Khazans are predominantly rice and fish fields. They are formed out of reclaimed wetlands, salt marshes, and mangrove areas where constructed embankments and sluice gates regulate tidal influence and the influx of seawater. They are a heritage, but a dying one in a rapidly urbanizing Goa, whose rows of shark-faced villas and apartment complexes with swimming pools have replaced most of the area’s ancient trees and marine ecosystems. Swaths of gentrification have recently robbed the state—a tourism hot spot for decades—of its biodiversity. This has led to a direct assault on its agriculture and the diversity of both its farming systems and the crops themselves. For within each khazan exists its own special varieties of rice that have evolved over thousands of years to suit the sites. The predominant khazan variety found today is known as Korgut—a plump, brown grain resistant to salinity and nutritious to eat.

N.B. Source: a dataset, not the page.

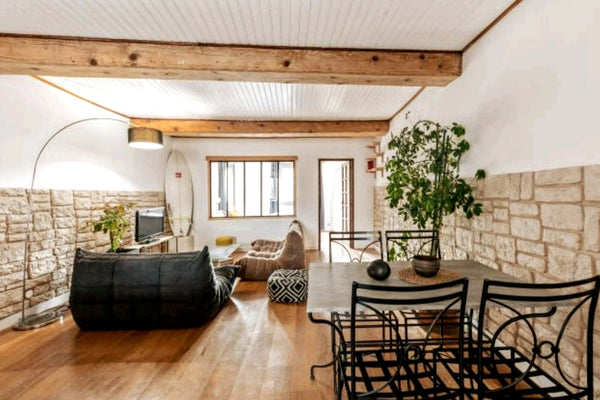 Appartement de charme sur les quais de Saône, au coeur du 9eme arrondissement. V  Appartement de charme sur quai de Saône Entire rental unit vacation rental 25420967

Rodrigues shakes his head when I ask if he plans to feed any Korgut into the boiler today. “It’s precious. I’m not going to put it in there,” he whispers, as if it were a secret that no one else knows.

It is Korgut that I came looking for in Curtorim. Khazans and their rice varieties had intrigued me when I first read about them in 2018. It struck me as miraculous that rice could be grown in saltwater. I wondered what it would taste like—would the rice itself be salty? And I wondered why agrarian cultures like these were sidelined for more cosmetic, aspirational food cultures.

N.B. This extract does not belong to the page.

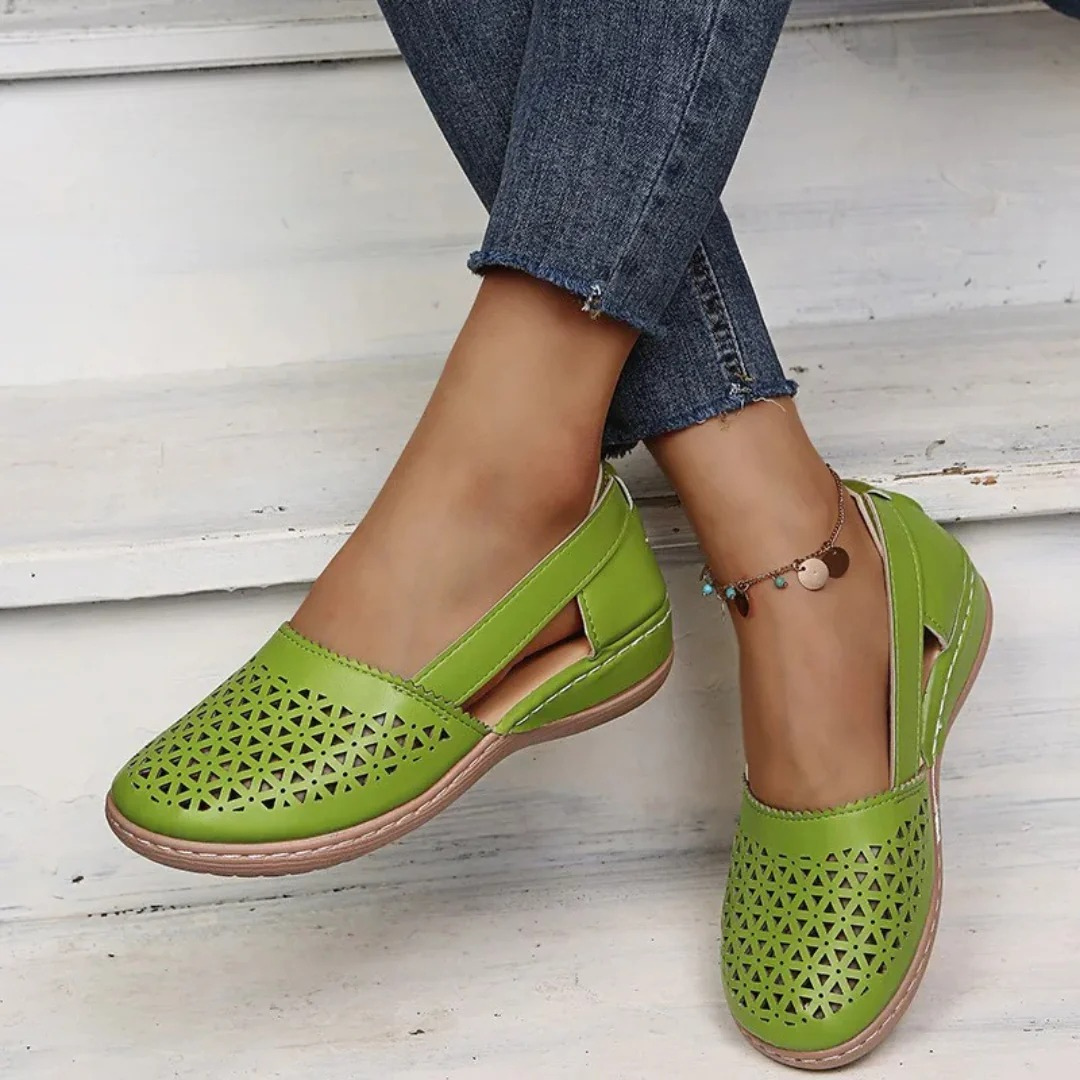 Rosalind Fairgrove | Breathable Slip-On Flats For Women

When I first arrived, I drove around North Goa, asking farmers, supermarket workers, neighbors I met at tea stalls, whether they knew about it.

“Have you heard of Korgut?” I asked Sumana Kerkar, a farmer from whom I bought a pineapple every morning. “Of course,” she said, cutting the fruit’s large head and dropping it in my bag. “I grew up eating it. There are songs of Korgut, so many stories. It is the real rice. The Goan rice.”

AGRICULTURE HAS BEEN a mainstay in the region for centuries, and in every corner, a different climate, temperature, and soil quality establish what people have grown and what they can eat. During my time in Goa, locals would teach me to note the difference in climate and terrain. “Here you can see lilies, so it is sweet water, and we can grow green vegetables,” someone told me as I drank tea near a river. “Coconut grows there. The reddish soil is rich in aluminum,” a friend informed me as we drove around the region, rice fields giving way to hilly forests, covert rivers appearing and disappearing.

Hundreds of cues point out the complexities of ecological wealth in Goa. Every creek, river, and stream is drawn into local rituals and called by its name. Rice, too, is part of these anatomies. Although the primary food group of the region, rice is not homogenous. Through the history of Goa—perhaps all of India—it wasn’t a single grain that fed people but scores of varieties developed to meet the distinct demands of the region’s climates and terrains. Today, Goa has twenty-eight types of indigenous rice that can be patented and grown. However, in the last forty years, indigenous seeds like Korgut have been almost completely replaced with hybrid, high-yielding varieties such as Jyoti and Jaya, which now make up around 80 percent of all grains grown in the region. The remaining 20 percent includes other varieties, with khazan varieties forming a negligible percentage of what is farmed.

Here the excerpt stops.